Why Daylight Saving Time can kill you

Why Daylight Saving Time can kill you
Credit: Pixabay

CHARLOTTE, NC (Joe Marusak/The Charlotte Observer) - Why are some people grumpy, even fearful, about Sunday's start of Daylight Saving Time?

Moving our clocks forward by an hour at 2 a.m. Sunday, March 11 – giving us extra sunlight after work – might be expected to brighten not only our days but our outlooks.

If you're at risk of a heart attack, however, you have reason to be on your guard, reports Live Science, an online science, nature and tech site.

The clock change also can drive some cats crazy and turn households topsy-turvy.

Researchers in 2014 found that heart attacks increased 24 percent on the Monday after the change to DST, compared with the daily average number for the weeks surrounding the start of DST, according to Live Science. The researchers reported their findings in Open Heart, an official journal of the British Cardiovascular Society.

"It's something that has also been seen with other stressors," such as tsunamis or earthquakes, one of the study's authors, Dr. Hitinder Gurm of the University of Michigan Health System, told Live Science.

A 2008 report, based on heart attacks in Sweden, concluded that the chance of a heart attack rises during the first three weekdays after the springtime shift to DST, possibly because of sleep deprivation, Reuters reported.

No one knows for sure why the risk increases, but some researchers believe the hour change can disrupt circadian rhythms and mess with cortisol levels that manage stress, according to Live Science.

Parenting sites, meanwhile, offer tips to prevent the time change from causing "too much sleep-and-feeding-schedule craziness" on toddlers and babies, as the Baby Sleep Site puts it.

If your baby or toddler is waking up too early, for instance, then don't do anything, the site recommends. A nice middle option is to shift a baby or toddler's schedule by 30 minutes. If your baby was waking at 7 a.m. before the time change, then wake her at 7:30 after the time change, according to the Baby Sleep Site.

While the loss of sleep can challenge people of all ages, it's even tougher on children, Daniel Lewin of the Children's National Health System in Washington, D.C., told Parents magazine. "The loss of just one hour can really affect a child's attention span, appetite, and overall mood," he said.

Dim the lights in your child's bedroom and turn off all electronics 30 minutes to an hour before bedtime, he told the site. And stick with your child's bedtime routine.

As for your cats: If you feed them regular meals at a certain time of day, the time change "can drive them wild," according to CatTime.com. Or at least make them pretty grumpy, according to The Catington Post.

Your cat may need "a little paw-holding" for the next few days, according to the Post. "The good news is that cats are resilient and will adjust to it just fine every year, just like we do."

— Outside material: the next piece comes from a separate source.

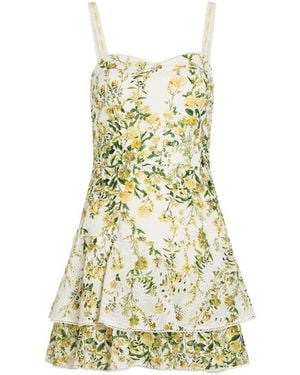 Alice + Olivia Meredith Floral-Embroidered Cotton Mini Dress - White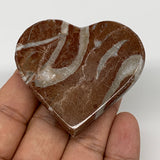 58.1g, 2" x 2.2"x 0.6", Natural Untreated Red Shell Fossils Half Heart @Morocco,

In part because of the potential adverse effects of changing the clocks twice a year, numerous states have considered abolishing Daylight Saving Time. Yet only Hawaii and Arizona, which don't need the extra sunny hours, stay on Standard Time year-round.

On Tuesday, the Florida Senate voted 33-2 to send a bill to Gov. Rick Scott to ask the U.S. Congress to decide whether Florida should be a state that enjoys Daylight Saving Time year-round. It was passed by the House on Feb. 14, 103-11.

In 2017, The (Columbia) State reported, lawmakers in 18 states considered proposals rolling back, extending or otherwise changing Daylight Saving Time. That was up from the 13 states that considered such changes in 2016, according to the National Conference of State Legislatures.

In November, The State reported that S.C. State Rep. Alan Clemmons, R-Horry County, filed a proposal to put the question of eliminating Daylight Saving Time on ballots. With expected opposition from the retail and tourism lobby, it's uncertain that will happen.